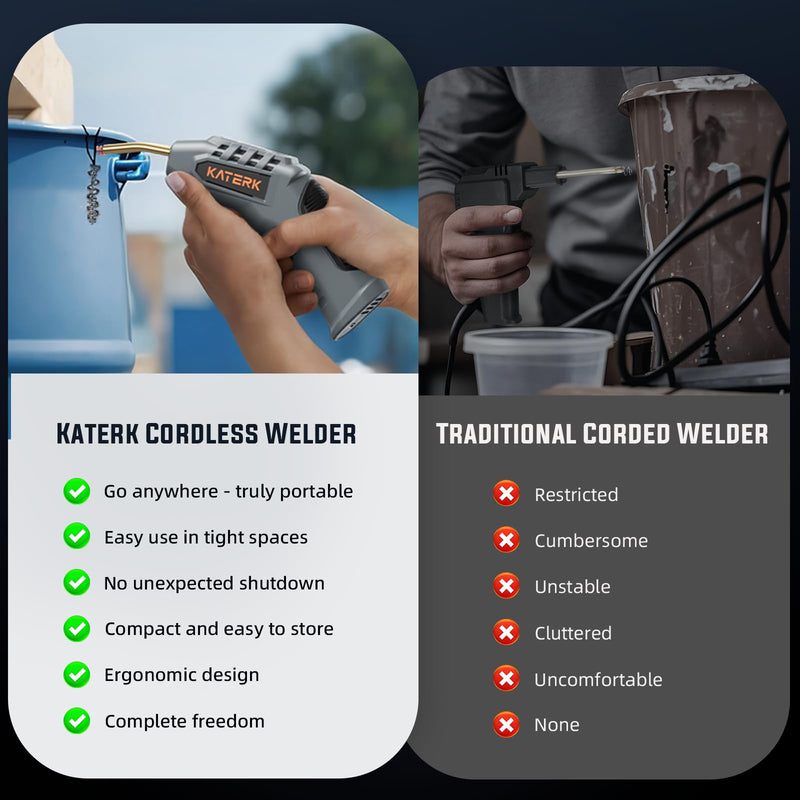 Katerk Cordless Plastic Welder – 400 Staples Included, 3-Temperature Settings, USB Rechargeable Portable Plastic Welding Kit, Perfect for DIY Projects, Bumper/Toys Repair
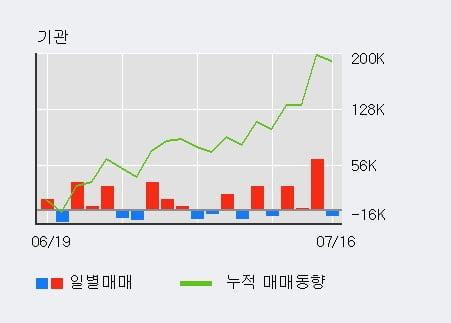 '현대차2우B' 5% 이상 상승, 주가 상승 중, 단기간 골든크로스 형성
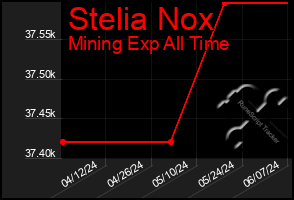 Total Graph of Stelia Nox
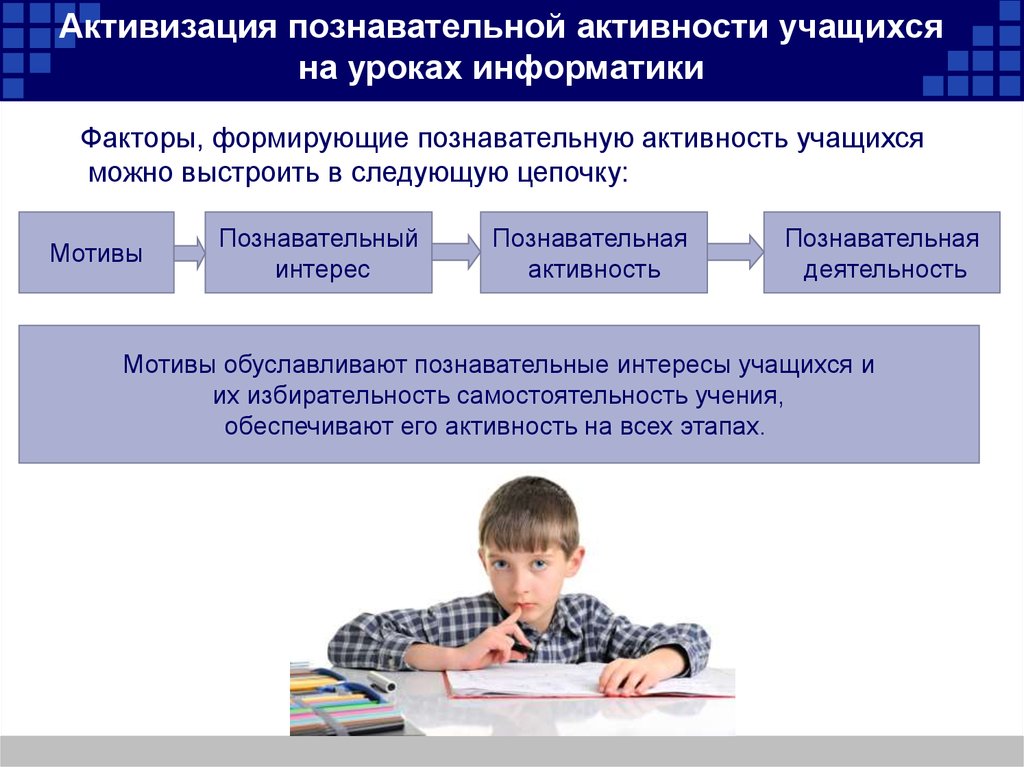 Картинки активизация познавательной деятельности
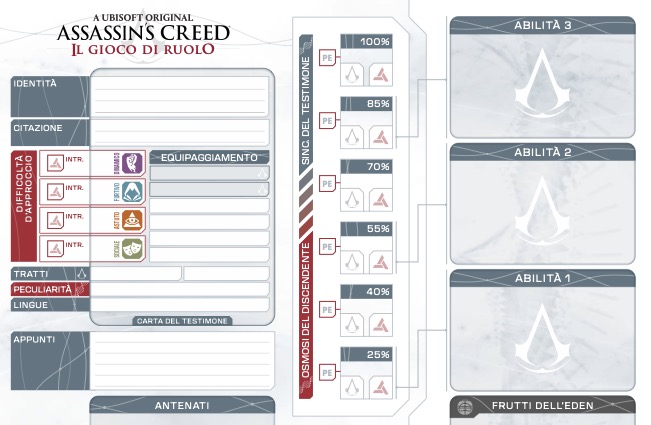 La scheda del personaggio è tanto bella da vedere quanto utile in tutte le sue informazioni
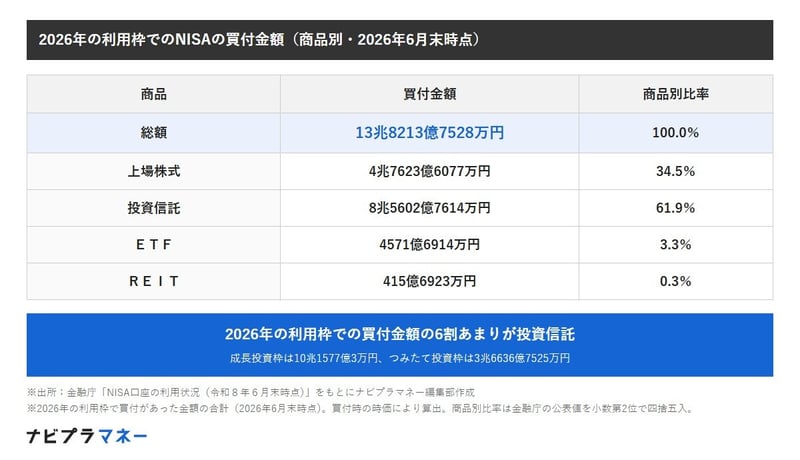 2026年の利用枠でのNISAの買付金額（商品別・2026年6月末時点）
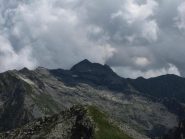 cima di Bo'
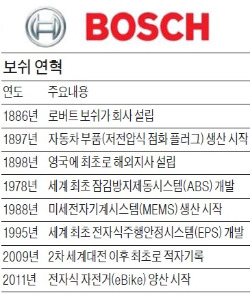 보쉬, 128년 쉼없는 기술진화…車부품 넘어 '사물인터넷' 중심에 서다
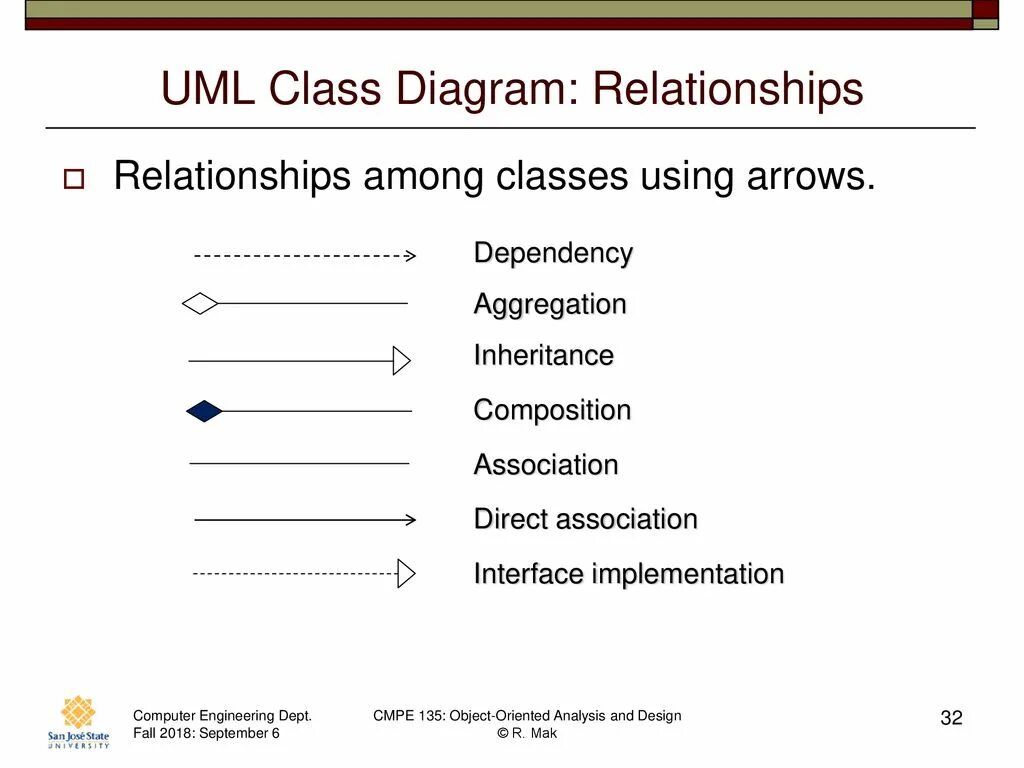 Interface implementation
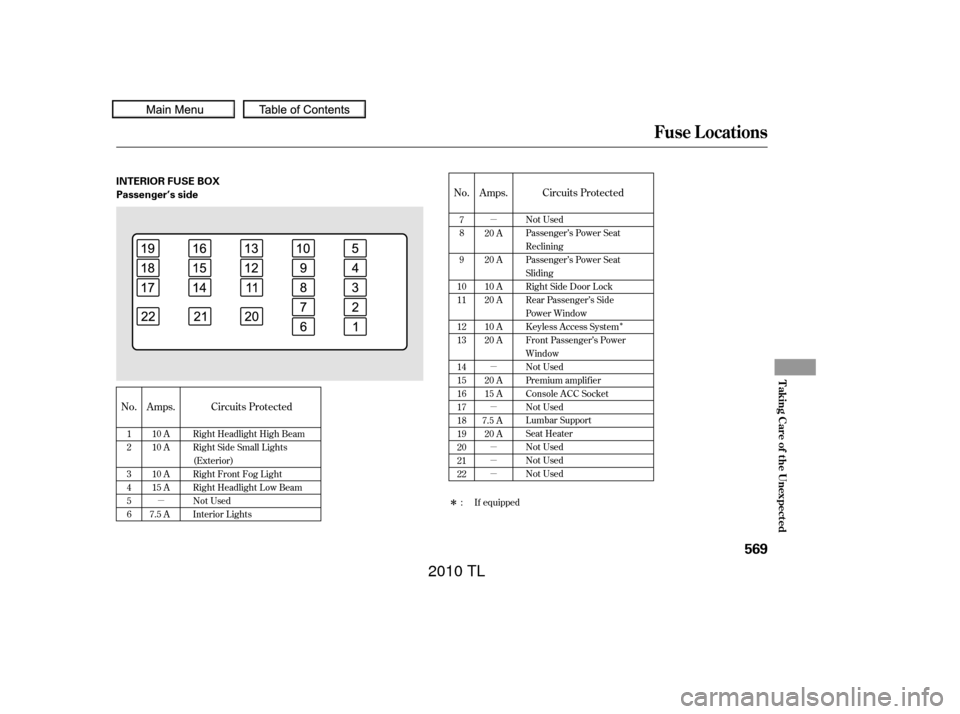 Acura TL 2010  Owners Manual µµ
µ
µ
µ
µ
µ
Î
Î
No. Amps. Circuits Protected Amps.
No. Circuits Protected
1
2
3
4
5
610 A
10 A
10 A
15 A
7.5 A Right Headlight High Beam
Right Side Small Lights
(Exterior)
Right Fro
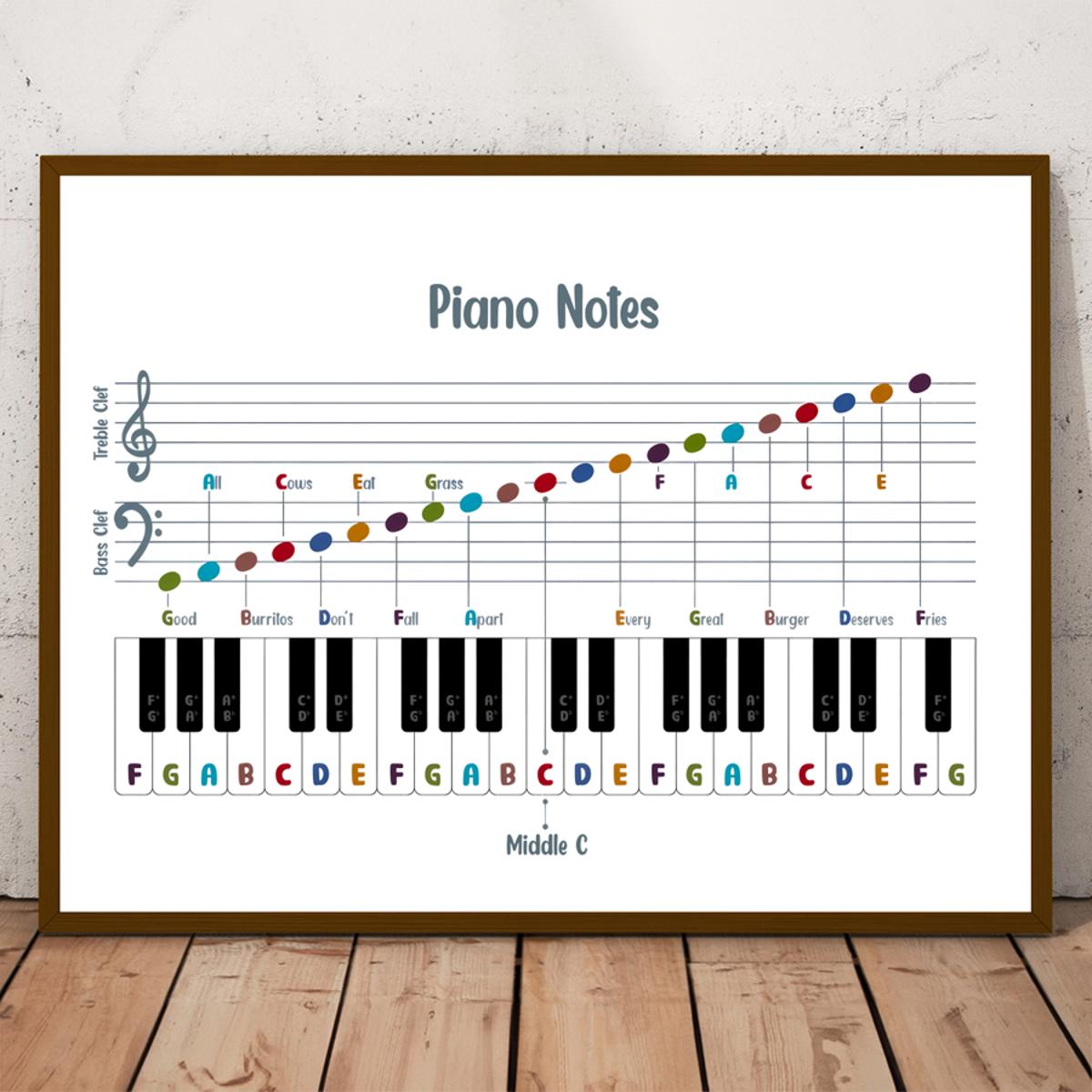 Piano Music Notes Poster, Piano Keyboard Notes Chart on Staff, Music  Education, Music Note Value, Music Classroom Decor, Digital Download 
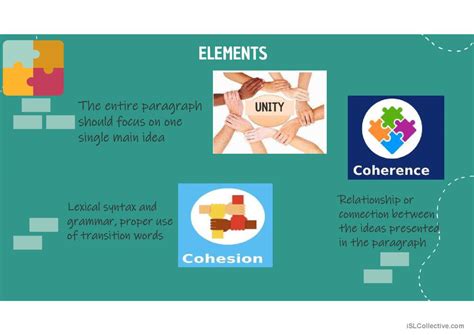 What is a paragraph? creative writin…: English ESL powerpoints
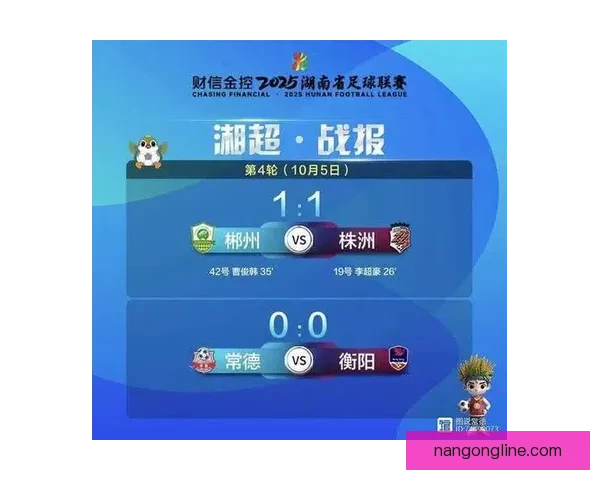 湘超最新积分榜解析各队排名与争冠形势深度分析 湘超最新积分榜解析各队排名与争冠形势深度分析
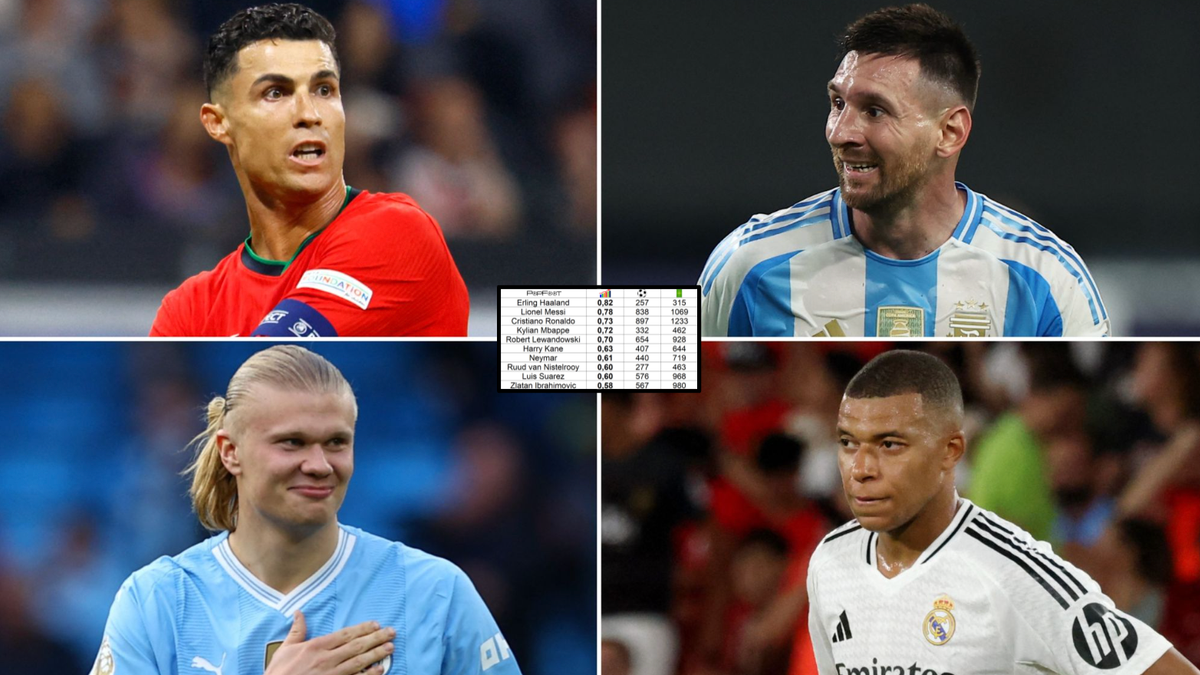 Haaland, Messi, Ronaldo: The Best Goals-Per-Game in 21st Century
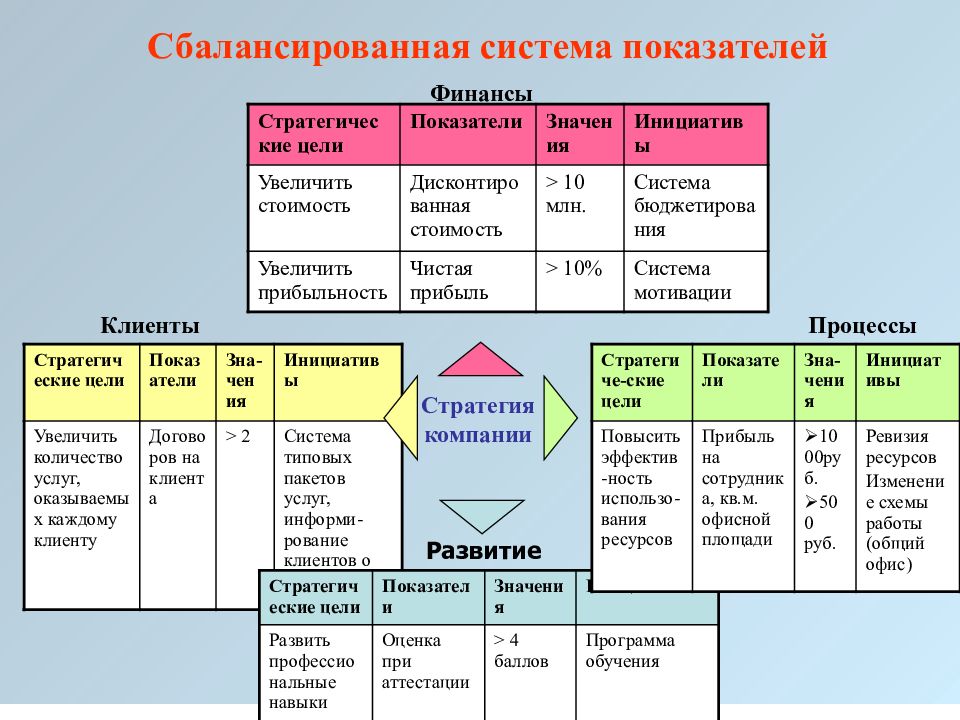 Карта сбалансированных показателей традиционно формируется по следующим направлениям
========================
Exercise requirements => Look through the records and gather each line with the word "Right".

Problem solution =>
7.5 A Right Headlight High Beam
Right Side Small Lights
Right Fro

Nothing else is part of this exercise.